Смотрят, бежит по улице деревенской тетка Парашка. Босая, расхристанная, волосы нечесаные торчат во все стороны. Бежит и орет, что есть мочи:
- Ой, чую! Ой, горе летит страшное!
И тычет толстым пальцем куда-то в ясное утреннее небо на западе.
Людишки подлунные на двор повысыпали, колдовские чары сотворили и тоже прислушались. Коллективно, значит.
И точно - большая беда с неба летит. Целит угроба небесная точнехонько в самый центр нашей деревни.

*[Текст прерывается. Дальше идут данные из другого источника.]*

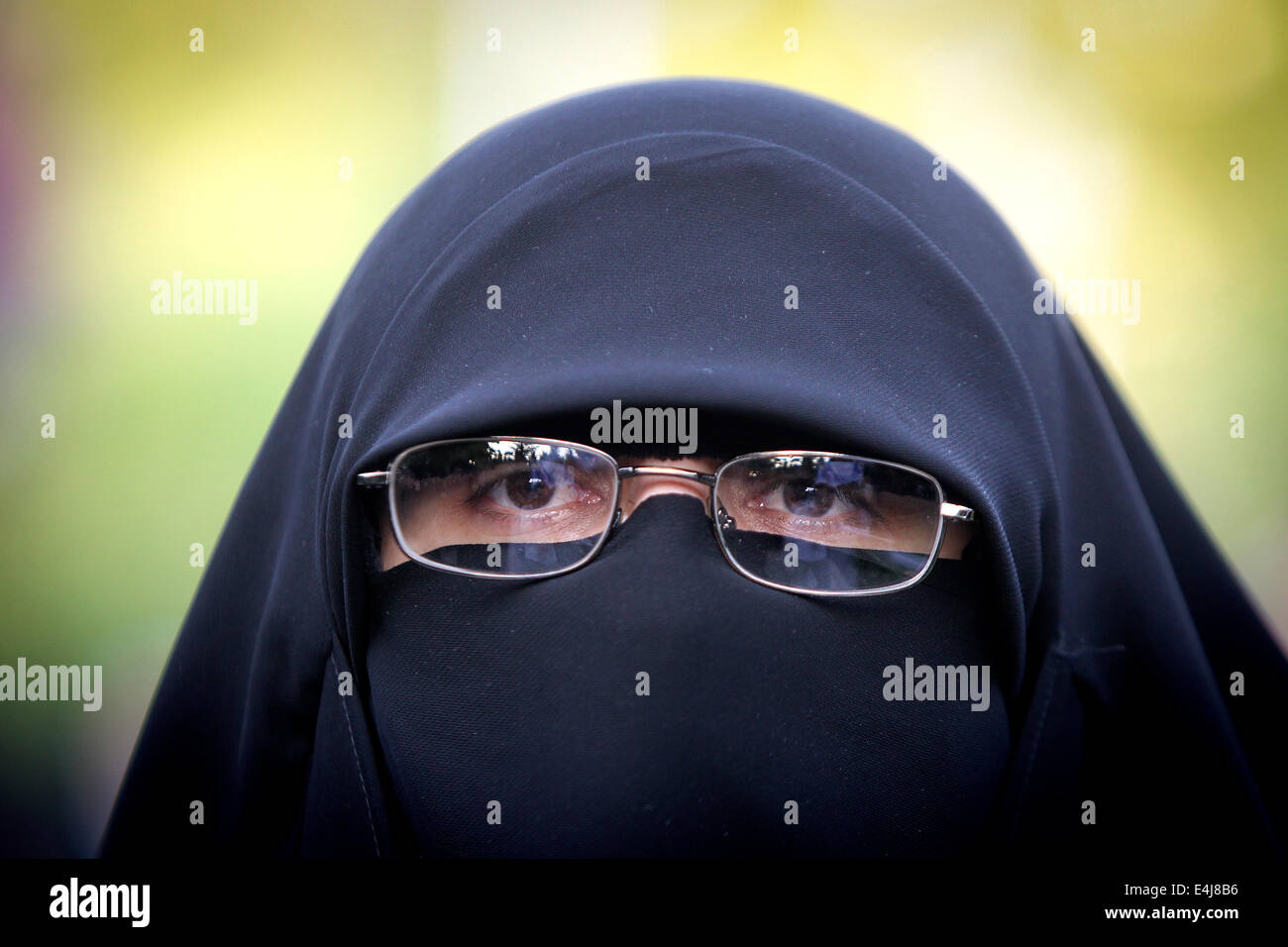 Tehran, Iran. 12 Luglio, 2014. Una donna iraniana prende parte a protestare contro le donne che violano la rigorosa Islamic dress code in Tehran, Iran, il 12 luglio 2014. Il hijab, una copertura dei capelli e del corpo per le donne, è stata obbligata in pubblico dopo la rivoluzione islamica in Iran nel 1979. Credito: Ahmad Halabisaz/Xinhua/Alamy Live News Foto Stock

А надобно сказать, Никанорушка, что лет за десять до этого было гениальное по своей прозорливости предсказание англицкого подданного Гербертия Уэлльского: ожидать, мол, следует вскорости нашествия с кровавой марсиянской планеты. Прилетят на Землю осьминогии сухопутные, ходить будут на избах трехногих да народ человеческий - а заодно и нас, народец подлунный, - жечь лучами непонятными, истреблять смертно.
Прав оказался иноземец Гербертий. Стоим мы всем миром посреди улицы деревенской и вправду чуем: летит страсть небесная, несет внутри себя треножники проклятые.
Что тут сделалось! Мужики растерянно репы чешут, бабы голосят, ребятишки орут. Паника, одним словом. Неуправляемая политическая ситуация, понимаешь ли...
Ты, Никанор, водочки плесни-ка...
Благодарствую... Эх, хорошо пошла, вернуться не обещала!
Да. Я как увидел такое дело, рев этот многоголосый да страх всеобщий, призадумался, но не растерялся. Вышел посеред улицы, кинул шапку под ноги и крикнул, что есть мочи:
- Братия и сестры мои! Народец подлунный!
Голос у меня тогда был еще молодой, зычный. Мгновенно установилась тишина.
- Нешто так и сгинем все вместе? - спрашиваю громко. - Не дадим отпора тварям небесным?
Вижу, оклемываются постепенно наши мужички с бабами. Приумолкли, призадумались. Да и у ребятишек соплей поубавилось. Проняло их, значит. Упали мои слова на благодатный грунт, то есть.
- А ну-ка, - говорю громовым молодецким голосом, - встанем все дружно за землю отеческую! Соединим в одно целое чары да магию нашу и врежем силушкой богатырской по вражине марсиянской!